The activity of God’s Spirit

November 2009

When Samuel anointed Saul as king, he also told him what the future would hold in store for him. Among other things, Samuel told him: “Then the Spirit of the Lord will come upon you, and you will prophesy with them” (cf. 1 Samuel 10: 6). These words were fulfilled when Saul met up with a group of prophets. The Spirit of God took possession of him and, filled with prophetic exuberance, he began to prophesy. The prophet also told him: “And [you will] be turned into another man.” These are thus the effects of the Holy Spirit: enthusiasm and transformation, or becoming an entirely different person.

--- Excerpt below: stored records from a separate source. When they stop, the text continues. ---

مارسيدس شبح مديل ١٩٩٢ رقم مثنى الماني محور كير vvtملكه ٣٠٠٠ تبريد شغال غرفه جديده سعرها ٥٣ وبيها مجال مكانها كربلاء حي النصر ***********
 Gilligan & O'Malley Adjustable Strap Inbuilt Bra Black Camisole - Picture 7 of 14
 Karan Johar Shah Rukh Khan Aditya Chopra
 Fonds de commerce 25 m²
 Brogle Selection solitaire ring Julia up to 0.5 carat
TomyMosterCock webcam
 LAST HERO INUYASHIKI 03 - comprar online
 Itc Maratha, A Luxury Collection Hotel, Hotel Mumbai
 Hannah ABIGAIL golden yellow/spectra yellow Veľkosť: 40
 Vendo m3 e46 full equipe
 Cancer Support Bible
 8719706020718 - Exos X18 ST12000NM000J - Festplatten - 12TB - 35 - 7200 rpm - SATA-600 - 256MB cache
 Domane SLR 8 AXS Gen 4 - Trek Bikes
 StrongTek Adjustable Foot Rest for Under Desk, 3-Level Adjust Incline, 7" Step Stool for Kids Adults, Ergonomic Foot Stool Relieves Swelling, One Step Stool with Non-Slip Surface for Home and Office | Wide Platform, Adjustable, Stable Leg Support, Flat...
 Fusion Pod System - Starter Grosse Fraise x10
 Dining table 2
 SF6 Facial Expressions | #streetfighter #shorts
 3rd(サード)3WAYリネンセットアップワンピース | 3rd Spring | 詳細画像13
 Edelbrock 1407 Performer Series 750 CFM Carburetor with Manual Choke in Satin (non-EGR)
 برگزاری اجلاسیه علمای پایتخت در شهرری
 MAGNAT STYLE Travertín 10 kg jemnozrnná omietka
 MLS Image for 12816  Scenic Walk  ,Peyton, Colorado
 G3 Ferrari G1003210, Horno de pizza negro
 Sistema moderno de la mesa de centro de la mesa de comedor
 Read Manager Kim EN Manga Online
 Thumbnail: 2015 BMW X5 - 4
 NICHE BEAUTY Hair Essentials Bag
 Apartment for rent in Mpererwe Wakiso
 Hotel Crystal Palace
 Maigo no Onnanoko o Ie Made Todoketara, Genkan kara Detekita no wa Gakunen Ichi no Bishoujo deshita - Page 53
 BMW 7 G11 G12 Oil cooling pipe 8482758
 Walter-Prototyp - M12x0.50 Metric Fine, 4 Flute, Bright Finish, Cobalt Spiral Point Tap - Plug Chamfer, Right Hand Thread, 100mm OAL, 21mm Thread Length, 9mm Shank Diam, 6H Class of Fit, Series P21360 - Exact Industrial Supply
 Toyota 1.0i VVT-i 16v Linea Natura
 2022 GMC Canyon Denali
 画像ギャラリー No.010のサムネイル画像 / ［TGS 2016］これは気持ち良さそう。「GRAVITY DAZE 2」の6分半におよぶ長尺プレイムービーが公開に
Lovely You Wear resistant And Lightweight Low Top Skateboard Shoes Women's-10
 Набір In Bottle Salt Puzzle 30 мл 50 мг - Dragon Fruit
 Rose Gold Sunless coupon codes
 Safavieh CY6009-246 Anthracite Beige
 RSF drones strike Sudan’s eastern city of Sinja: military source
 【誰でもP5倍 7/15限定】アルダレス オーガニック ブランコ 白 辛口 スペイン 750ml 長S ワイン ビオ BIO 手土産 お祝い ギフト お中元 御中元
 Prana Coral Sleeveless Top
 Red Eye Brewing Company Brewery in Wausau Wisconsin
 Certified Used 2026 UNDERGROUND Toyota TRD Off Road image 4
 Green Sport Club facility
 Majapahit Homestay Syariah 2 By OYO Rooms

The enthusiasm generated at the European Youth Day is still fresh in my mind. Many things contributed to this enthusiasm. First of all, everyone was involved and did their share. Beyond that, everyone felt accepted. There were none who remained on the fringes. And finally, everyone wanted to be happy. I wish the same sort of enthusiasm out of the Spirit of God for each and every congregation.

The activity of the Holy Spirit brings about a transformation – to such a degree that one becomes an entirely different person. Our day-to-day affairs place heavy demands on us, but when the Holy Spirit goes to work, a process of transformation begins within us. And then those things that are of eternal substance become central to our lives. In fact, they will come to define our lives. The activity of the Holy Spirit will also prompt us to be a blessing for others. Egoism will begin to subside more and more, giving way to an increasing desire to be there for others. This is a process of transformation. At times we rely on our own strength and think that we can manage on our own. But under the activity of the Holy Spirit, this attitude begins to change: a process of transformation takes place, and we begin to rely increasingly upon God. We might be annoyed at times. That is only too human. But if we give the Holy Spirit room, we set into motion a process which transforms anger into the desire for harmony and a willingness to reconcile. If we are despondent, the Holy Spirit – that great agent of change – instils courage in our souls. All of this is part of the transformation that takes place under the activity of the Holy Spirit. Such changes will occur whenever we open our hearts to the Holy Spirit and let the power from above begin to work.

If we permit this process of change to take place within ourselves as described, then we can indeed become an entirely different person. For example, we can become people of peace. Abraham was a man of faith, but also a man of peace. When a dispute arose between his shepherds and the shepherds of Lot on one occasion, Abraham was prepared to resolve the conflict peacefully, even if it meant a certain disadvantage for him. How beautiful when it can be said of us: “This brother is a man of peace. This sister radiates peace!”

This transformation might also cause us to become people who are defined by hope and expectation. Simeon in the temple was such a man. He was waiting for the promised Messiah. Here was a man whose life was defined by the desire to see the Lord. God did not pass him by: Simeon saw the Lord.

Let us also become entirely different people. Let us become people of faith, of peace, and of a strong hope.

Let us therefore give the Holy Spirit more and more room to work so that this change may become visible within us, and so that this process of transformation may make entirely different people of us and ultimately lead us to perfection.